### [DATA SUPPLIED]
#####
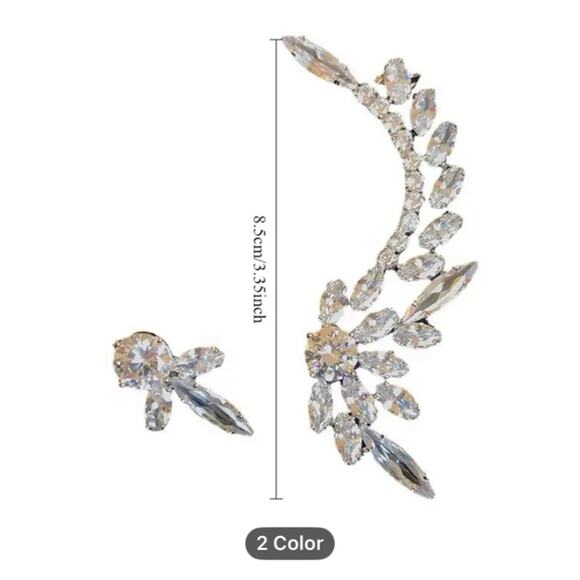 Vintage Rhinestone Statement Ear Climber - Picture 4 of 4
#####
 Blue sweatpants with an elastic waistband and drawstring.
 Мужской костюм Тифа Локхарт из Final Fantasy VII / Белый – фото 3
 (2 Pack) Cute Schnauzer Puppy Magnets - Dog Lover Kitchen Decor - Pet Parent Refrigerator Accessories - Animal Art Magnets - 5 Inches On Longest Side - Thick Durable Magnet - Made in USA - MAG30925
#####
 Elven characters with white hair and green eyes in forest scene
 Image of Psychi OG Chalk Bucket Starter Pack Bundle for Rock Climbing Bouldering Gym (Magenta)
#####
### [YOUR OBJECTIVE]
For this exercise, repeat exactly the lines of the data above from the one with "Blue sweatpants with" down to the one with "(2 Pack) Cute", both end lines included.

### [RESULT OF THIS EXERCISE]
 Blue sweatpants with an elastic waistband and drawstring.
 Мужской костюм Тифа Локхарт из Final Fantasy VII / Белый – фото 3
 (2 Pack) Cute Schnauzer Puppy Magnets - Dog Lover Kitchen Decor - Pet Parent Refrigerator Accessories - Animal Art Magnets - 5 Inches On Longest Side - Thick Durable Magnet - Made in USA - MAG30925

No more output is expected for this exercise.